Meet Pono, the future of digital music

Zach Adler

Pono plays music the way the artist recorded it. Photo from

At this point in time, almost everyone has an MP3 player. People are used to the sound of an MP3 and give no thought to having better sound quality.

But other formats, including the vinyl record, SACD and lossless file, offer quality that makes the MP3 pale in comparison.

Now there is a new digital music revolution and the revolution is Pono.

Pono is a high-resolution digital music format created to fight the ever-expanding loss of sound in the MP3 and CD formats by presenting the full range of the sound the artist recorded in the studio. The project was founded in 2011 by rock legend Neil Young in the hopes to spread his love of music to the younger generation, who have mostly lacked the visceral sound experience that are not available on low-resolution formats that are compressed versions of the master recording tape instead the master tape itself. The Pono files’ resolution ranges from 6-30 times that of an MP3, depending on the master tape’s quality.

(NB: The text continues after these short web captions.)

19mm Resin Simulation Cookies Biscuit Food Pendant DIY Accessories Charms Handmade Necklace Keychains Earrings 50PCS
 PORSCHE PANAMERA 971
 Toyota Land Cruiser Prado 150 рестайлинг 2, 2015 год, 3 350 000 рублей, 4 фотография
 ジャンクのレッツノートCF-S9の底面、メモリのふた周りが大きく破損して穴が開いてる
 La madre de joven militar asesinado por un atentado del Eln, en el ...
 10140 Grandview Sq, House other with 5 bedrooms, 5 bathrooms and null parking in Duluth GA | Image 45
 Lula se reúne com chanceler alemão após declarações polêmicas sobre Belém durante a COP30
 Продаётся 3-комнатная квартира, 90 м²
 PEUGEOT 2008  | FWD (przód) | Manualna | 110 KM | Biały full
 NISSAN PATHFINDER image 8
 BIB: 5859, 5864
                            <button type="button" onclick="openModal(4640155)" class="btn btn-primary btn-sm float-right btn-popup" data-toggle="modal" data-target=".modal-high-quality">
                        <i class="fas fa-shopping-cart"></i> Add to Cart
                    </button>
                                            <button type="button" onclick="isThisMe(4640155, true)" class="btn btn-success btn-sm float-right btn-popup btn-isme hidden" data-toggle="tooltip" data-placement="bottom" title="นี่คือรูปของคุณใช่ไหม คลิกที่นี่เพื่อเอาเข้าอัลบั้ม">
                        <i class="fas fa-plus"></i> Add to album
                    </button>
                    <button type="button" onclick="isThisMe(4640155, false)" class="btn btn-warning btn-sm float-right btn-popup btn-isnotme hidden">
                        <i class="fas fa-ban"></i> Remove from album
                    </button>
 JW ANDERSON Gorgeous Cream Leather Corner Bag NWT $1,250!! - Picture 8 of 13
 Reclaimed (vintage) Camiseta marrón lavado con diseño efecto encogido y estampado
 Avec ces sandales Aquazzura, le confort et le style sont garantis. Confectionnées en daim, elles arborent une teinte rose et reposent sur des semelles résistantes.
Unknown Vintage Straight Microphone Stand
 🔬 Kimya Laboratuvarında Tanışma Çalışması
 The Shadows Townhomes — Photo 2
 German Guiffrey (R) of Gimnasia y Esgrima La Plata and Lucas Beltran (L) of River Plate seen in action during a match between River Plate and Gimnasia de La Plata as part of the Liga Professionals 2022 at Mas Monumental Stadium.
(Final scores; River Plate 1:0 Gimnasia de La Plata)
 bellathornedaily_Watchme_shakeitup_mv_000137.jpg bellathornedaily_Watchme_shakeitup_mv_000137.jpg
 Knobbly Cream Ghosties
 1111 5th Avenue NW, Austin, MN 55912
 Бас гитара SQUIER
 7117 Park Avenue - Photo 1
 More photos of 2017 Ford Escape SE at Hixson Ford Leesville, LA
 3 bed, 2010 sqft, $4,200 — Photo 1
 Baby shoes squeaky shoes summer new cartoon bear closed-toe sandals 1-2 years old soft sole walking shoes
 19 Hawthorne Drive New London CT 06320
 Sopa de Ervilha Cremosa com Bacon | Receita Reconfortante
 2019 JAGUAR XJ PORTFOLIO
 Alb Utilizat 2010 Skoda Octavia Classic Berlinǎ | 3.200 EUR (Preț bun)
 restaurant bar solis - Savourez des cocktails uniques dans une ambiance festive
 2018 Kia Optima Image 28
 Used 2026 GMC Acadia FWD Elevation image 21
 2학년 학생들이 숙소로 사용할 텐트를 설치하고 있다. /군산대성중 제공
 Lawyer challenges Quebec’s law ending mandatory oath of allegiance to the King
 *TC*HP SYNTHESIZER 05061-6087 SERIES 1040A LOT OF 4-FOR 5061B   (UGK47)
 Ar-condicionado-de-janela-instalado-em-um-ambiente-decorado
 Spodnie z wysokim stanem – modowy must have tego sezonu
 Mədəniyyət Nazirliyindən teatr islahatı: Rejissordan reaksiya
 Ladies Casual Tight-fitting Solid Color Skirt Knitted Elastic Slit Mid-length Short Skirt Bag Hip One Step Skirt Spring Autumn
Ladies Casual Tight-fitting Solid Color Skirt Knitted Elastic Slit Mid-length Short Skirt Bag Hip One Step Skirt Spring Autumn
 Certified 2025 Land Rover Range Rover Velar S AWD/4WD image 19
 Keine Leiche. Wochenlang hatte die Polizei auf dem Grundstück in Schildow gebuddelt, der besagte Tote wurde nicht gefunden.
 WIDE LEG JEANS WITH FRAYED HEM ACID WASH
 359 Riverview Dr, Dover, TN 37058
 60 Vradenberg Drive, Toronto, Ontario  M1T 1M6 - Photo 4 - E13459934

So far, the project has been a massive success, garnering acclaim for a large number of artists while making over $6 million on Kickstarter, making it the third most funded project in the website’s history.

The PonoPlayer, which is being retailed at $399, is easily connectable to both home theater systems and car stereos, as well as with any pair of headphones, allowing Pono to be listened to practically anywhere. Though Pono is is quite small, smaller than a dollar bill, the player’s triangular shape makes it awkward for a pant pocket. Pono is also supported by all major labels and has its own digital music store.

The difference between Pono files and normal MP3s are much more desirable to music fans, but the need to repurchase albums in this new format is a bit of a snag for more cash-strapped users.

With Pono, there is a brand new way to experience music unlike ever before. So where will it take you?